If the aforementioned attacks are launched against a centralized Zigbee network, the end user will be unable to control their affected actuators (e.g., inability to lock a smart lock), affected sensors will be unable to inform the end user about detected events (e.g., inability to report the opening of a door), and automation rules that rely on affected devices will be unable to complete successfully (e.g., inability to turn the lights on when motion is detected). Apart from attacking the system's availability, the attacker may launch these attacks in order to learn the network key of the end user's Zigbee network by targeting Zigbee devices that use known Trust Center link keys to join the Zigbee network after a factory reset. For example, in our ACM WiSec 2020 paper we describe some methods by which the attacker can identify Zigbee devices that use the default Trust Center link key. If the attacker succeeds in tricking the end user into factory resetting such a device by launching a denial-of-service attack against it, then the attacker can obtain the network key by decrypting the Transport Key command during the commissioning process. Currently, a leaked network key enables the attacker to eavesdrop on the end user's smart home activities (e.g., reports of detected motion) and control the end user's Zigbee devices (e.g., unlock a smart lock). It should be noted that, currently, the attacker will also be able to control Zigbee 3.0 devices whose install codes have not been leaked if their network key was exposed by one of the other devices. Finally, we realized that some Zigbee Routers may not initiate or significantly delay the rejoin process when the attacker interferes with the broadcasting of Network Update commands. More specifically, our Centralite 3-Series Smart Outlet initiated the rejoin process about 25 minutes after the PAN ID conflict attack, while our SmartThings Smart Bulb did not initiate the rejoin process at all during the 38 hours that we monitored it since the PAN ID conflict attack. The attacker can exploit such behaviors to force the factory reset of a Zigbee device by the end user and expose the network key without having to jam as many packets as in the typical case.
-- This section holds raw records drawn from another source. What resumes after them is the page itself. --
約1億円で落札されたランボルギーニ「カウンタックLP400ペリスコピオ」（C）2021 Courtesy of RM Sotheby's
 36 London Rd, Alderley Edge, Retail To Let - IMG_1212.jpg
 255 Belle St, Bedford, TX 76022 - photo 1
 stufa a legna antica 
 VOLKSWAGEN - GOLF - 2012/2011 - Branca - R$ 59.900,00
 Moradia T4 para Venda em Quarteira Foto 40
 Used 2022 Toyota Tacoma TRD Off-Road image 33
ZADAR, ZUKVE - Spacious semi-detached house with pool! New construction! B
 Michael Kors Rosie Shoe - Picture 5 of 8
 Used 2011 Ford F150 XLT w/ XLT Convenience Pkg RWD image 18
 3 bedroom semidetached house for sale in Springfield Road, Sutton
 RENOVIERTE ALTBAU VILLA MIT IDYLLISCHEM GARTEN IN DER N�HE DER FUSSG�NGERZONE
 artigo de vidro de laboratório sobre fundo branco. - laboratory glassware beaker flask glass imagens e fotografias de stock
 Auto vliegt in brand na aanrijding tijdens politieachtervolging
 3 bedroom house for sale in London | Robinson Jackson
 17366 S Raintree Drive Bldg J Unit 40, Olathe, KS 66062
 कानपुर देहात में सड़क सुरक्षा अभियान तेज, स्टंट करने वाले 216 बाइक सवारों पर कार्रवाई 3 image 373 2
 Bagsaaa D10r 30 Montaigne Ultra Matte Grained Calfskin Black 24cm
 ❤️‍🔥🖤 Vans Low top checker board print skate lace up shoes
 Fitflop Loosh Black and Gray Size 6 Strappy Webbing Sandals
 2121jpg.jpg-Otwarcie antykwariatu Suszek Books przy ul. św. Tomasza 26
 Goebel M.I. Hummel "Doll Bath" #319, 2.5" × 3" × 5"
In 2021, we leveraged the framework of our modified ATUSB firmware to implement an energy depletion attack against battery-powered Zigbee devices in order to test our prototype implementation of a network security monitoring system, called HiveGuard. You can find more information about our energy depletion attack and our network security monitoring system in our corresponding IEEE CNS 2021 paper and on the HiveGuard project page.